ReplyDeleteWhat if the microscopic description got better? What if, as you say, those different type of blocks were accounted for? The model would get better, wouldn't it? I understand some of these things can't be reasonably tracked live, but with video technology, surely someone can make a box score on steroids with all the important distinctions between the different types of blocks, steals, points, and possibly even include spatial references of where the action happened.

ReplyDeleteI understand there is a limit to the amount of useful data and its contribution to a model, but can't the box score be improved, so that models based on it would be a bit more useful, to be used along with +/-?

One of the problems with adding variables to improve the model is that you have diminishing returns with the introduction of new variables. Let's say you add deflections, changes, distinguish between types of blocks (whether or not you gain possession afterwards), something like a successful pick and roll "stop" and others. The results would probably be improved, but not as much as what the previous variables brought. You reach a point where the complexity of what you're tracking isn't worth the trouble.

DeleteBut maybe there is something fundamentally wrong with how box score stats are kept. Maybe the new model would be much improved. All shots aren't equal. It could be that a model like PER or Wins Produced could be made a whole let better if the box score stats were changed. But think back to blocked shots. Not only does it matter if you gain possession afterwards, but also where the blocked shot is, who you're blocking and what the shot clock is at, not to mention the intimidation you bring to the paint.

I think you could make an interesting model with different box score stats, but what +/- is trying to track is ultimately what you're looking for.

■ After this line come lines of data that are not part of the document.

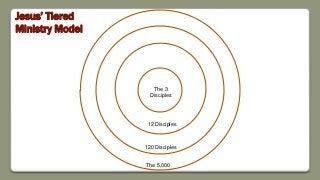 The 5,000
12 Disciples
120 Disciples
Jesus’ Tiered
Ministry Model
The 3
Disciples
 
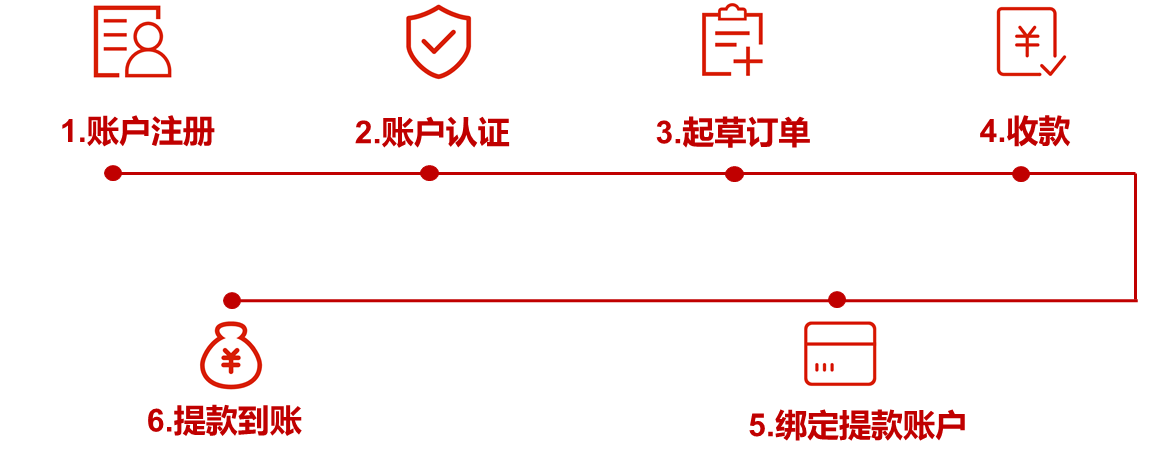 轻松搞定跨境B2B收款 “外贸宝”用户全景链路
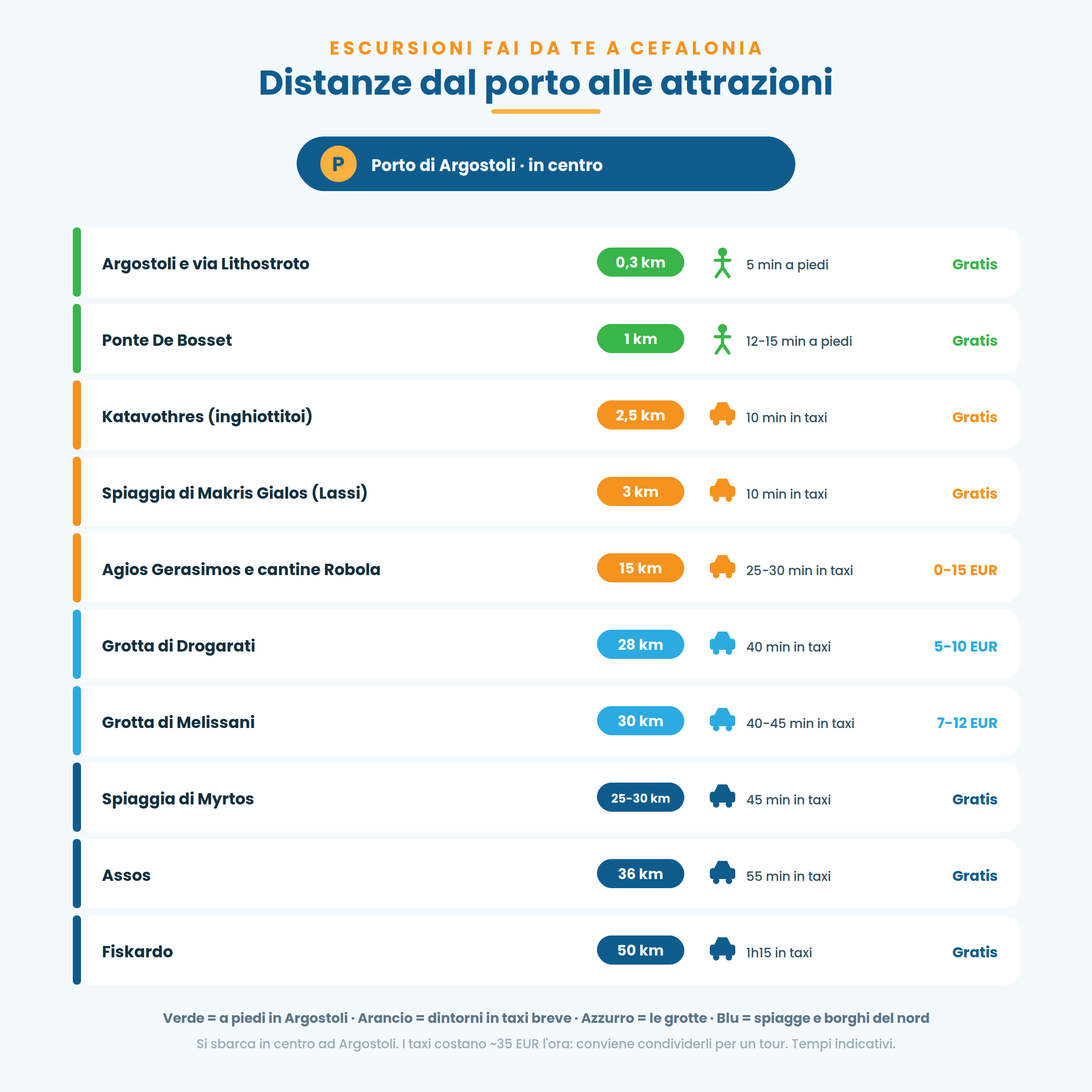 Distanze dal porto di Argostoli alle attrazioni di Cefalonia: grotte di Melissani, spiaggia di Myrtos e borghi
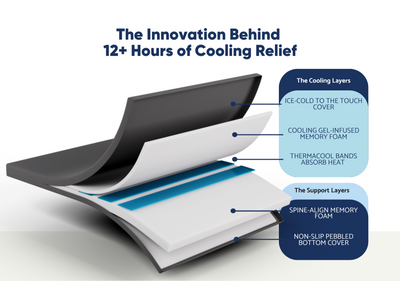 5 Reasons Why ThermaCool Mattress Topper is Best – Dosaze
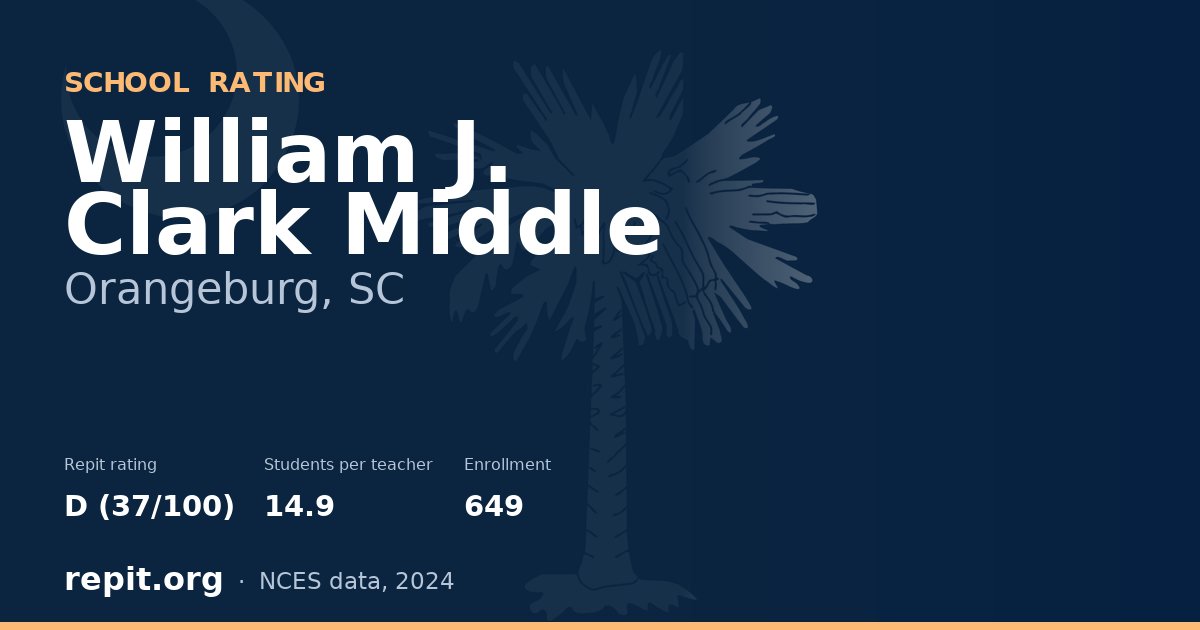 William J. Clark Middle, Orangeburg, SC — Repit school rating D (37/100)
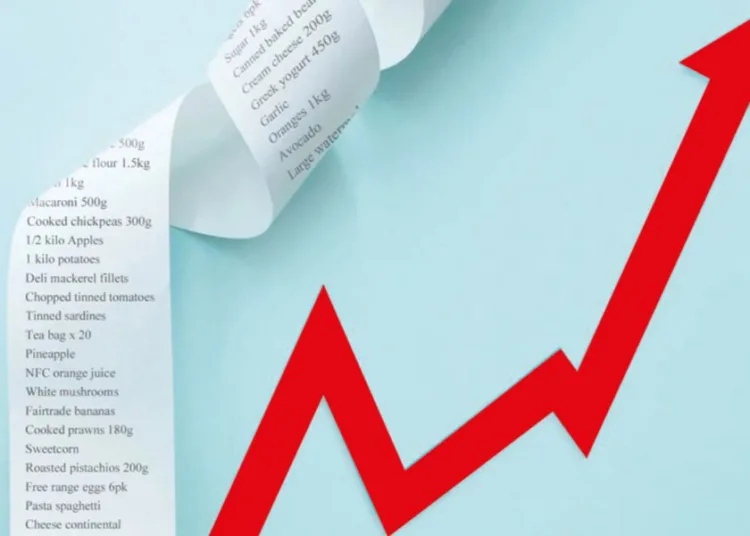 According to the findings, 94% of respondents say prices have gone up in the last 12 months.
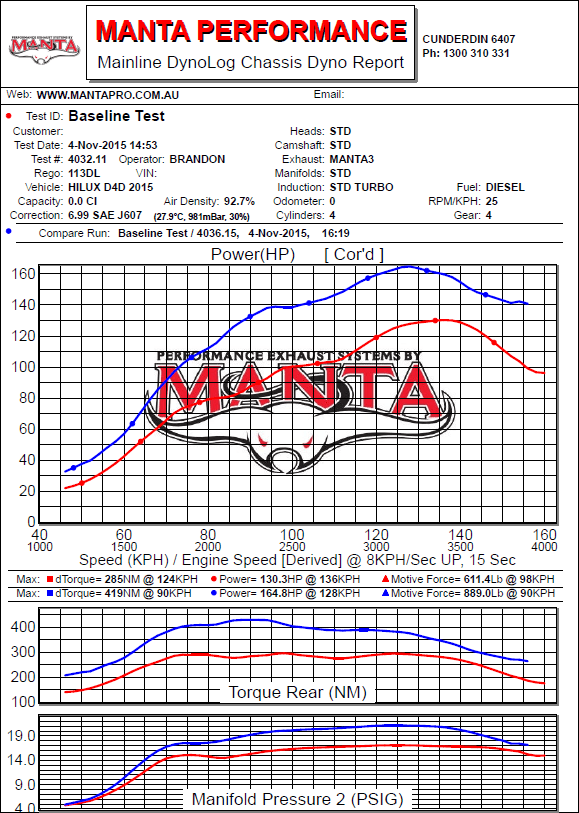 Hilux Dyno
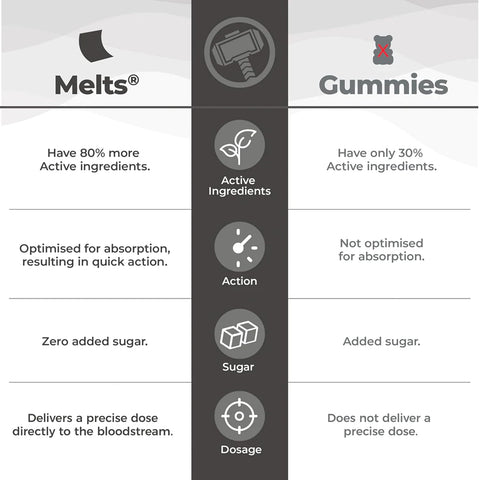 Wellbeing Nutrition Marvel Thor Melts | Sweet Cherry Flavor (30 Oral Strips)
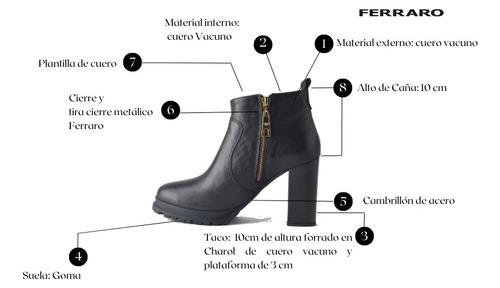 Imagen 10 de 10 de Botas Botitas Cuero Mujer Taco - Maca - Ferraro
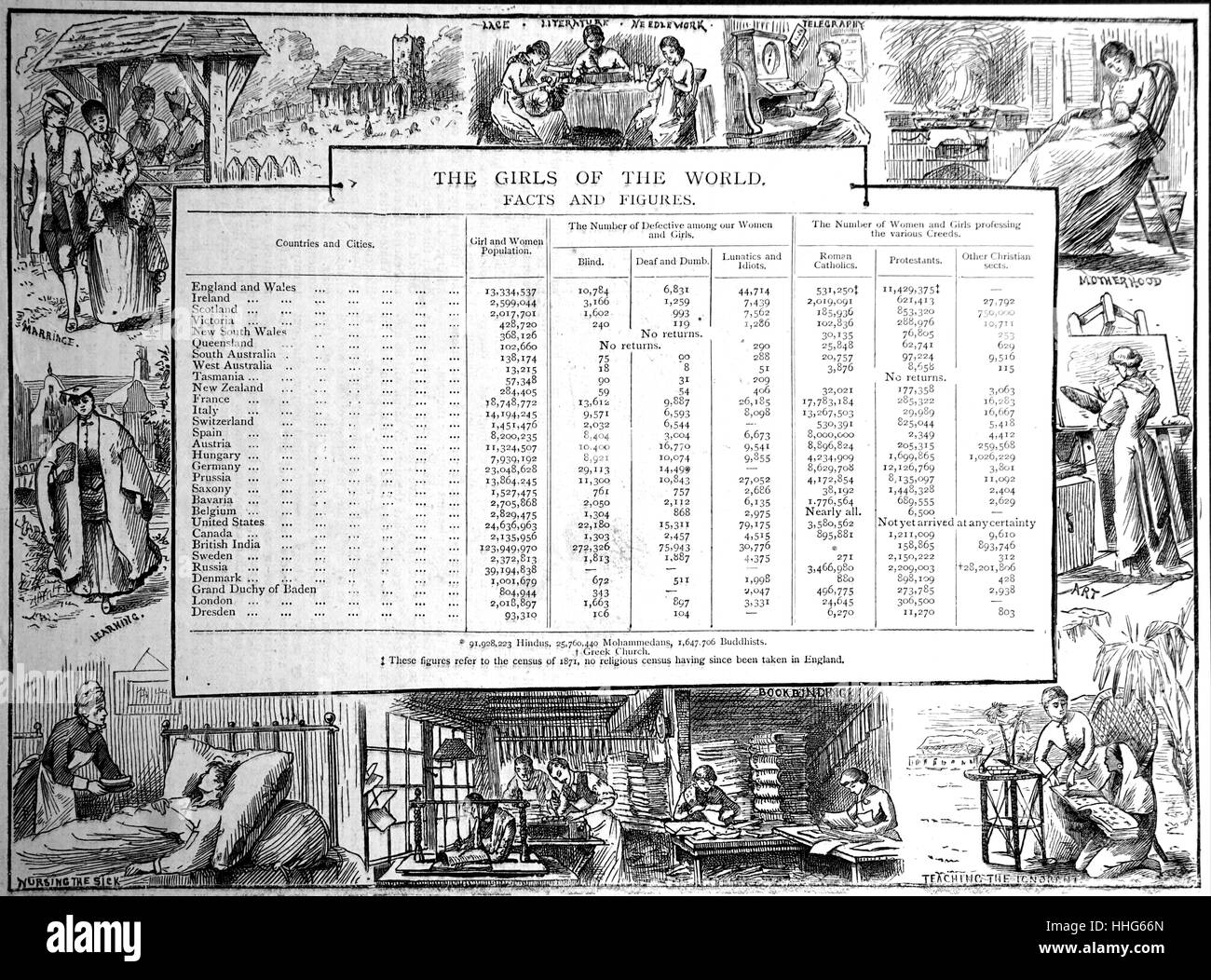 The girls of the world, facts and figures. A census of women from 1871, no religious census having since been taken in England. Stock Photo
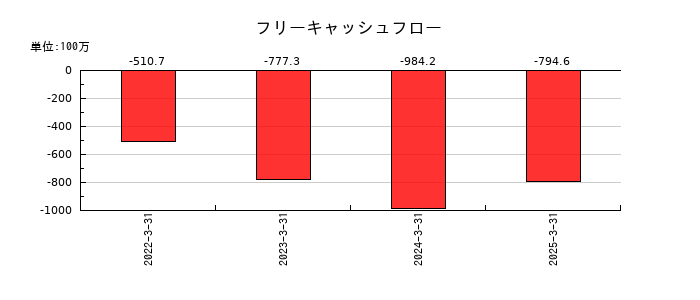 ペルセウスプロテオミクスのフリーキャッシュフロー推移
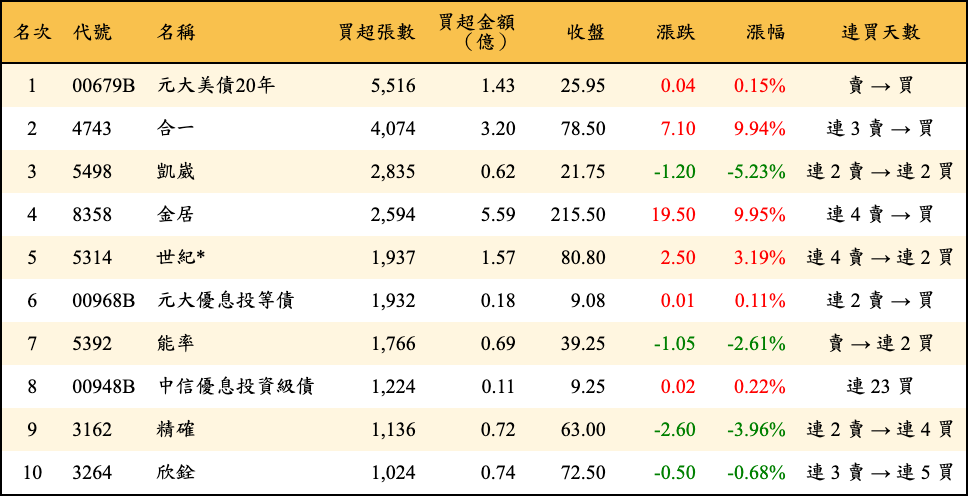 買超張數及金額
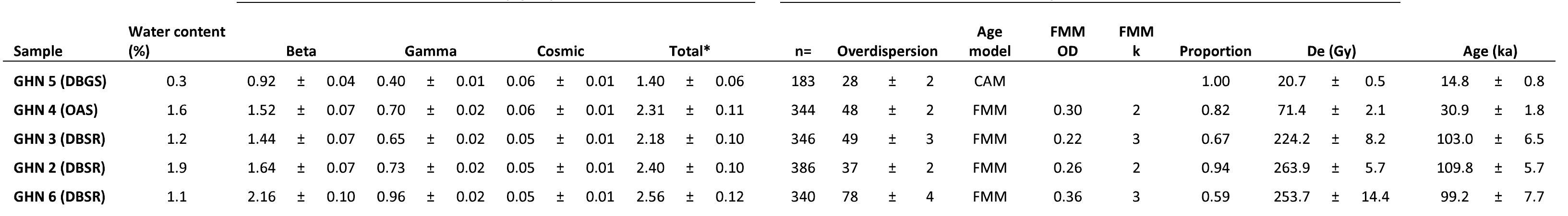 *Includes an internal dose rate contribution of 0.03+0.01 Gy/ka  Table 5. Results of OSL dating at GHN. Dose rate, equivalent dose, and age data for OSL samples are shown. See text for details of dose rate and equivalent dose measurement and calculation. Uncertainties are reported at the 68% confidence level.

It's about the result on the scoreboard.

"Even with an 82 game schedule and 48 minutes a game, there is not enough information to diminish the margin of error from roughly five points. For reference, these five points are over the course of a typical game, and it would separate the previous champions the Dallas Mavericks from teams that couldn't even get into the playoffs. "

ReplyDelete"If Wins Produced is a truly faultless method like the authors pretend in their articles (never mentioning that *gasp* the formula could have flaws), then it should more highly correlate to something as comprehensive as +/-."

Wait. What? No. If +/- is as unreliable and noisy as it obviously is, then it is in fact useless to use as a point of comparison. Yet, as I roam the internet looking for analyses of models, this is the point of comparison I keep finding.

I was really hoping for a valid critique, but I didn't find one. You just seem put off by the "arrogance" of the authors. Well ... so?

-Whether or not a model conforms to your expectations is also not a useful criticism. Whether or not it produces useful results is what matters. I would HOPE that a useful model would produce novel insight.

-Rather than observe that you don't think it is fair to "pin" inefficiencies on particular players, why not be willing to check your assumptions and test it. It seems logical to me that efficiency would be closely tied player effectiveness. I may watch a game and come away believing that the 30% shooting or 6 TOs hide the fact that Melo "won" the game for us, but the scientist in me knows darn well that isn't a reliable method of evaluation. Box score stats may miss quite a bit. But does that mean that they don't reflect true productivity, especially as sample sizes grow? It seems to me that the exceptions in question are likely of a smaller scale than the acknowledged randomness of Adj+/-, The latter, you quickly gloss over and return to as your baseline stat for comparison. Yet the former you find reason to invalidate a model.

-What does "advanced" have to do with "simple" and what possible bearing does it have on effectiveness? Simplicity is to be striven for. Needless complexity tends to be showmanship or obfuscation.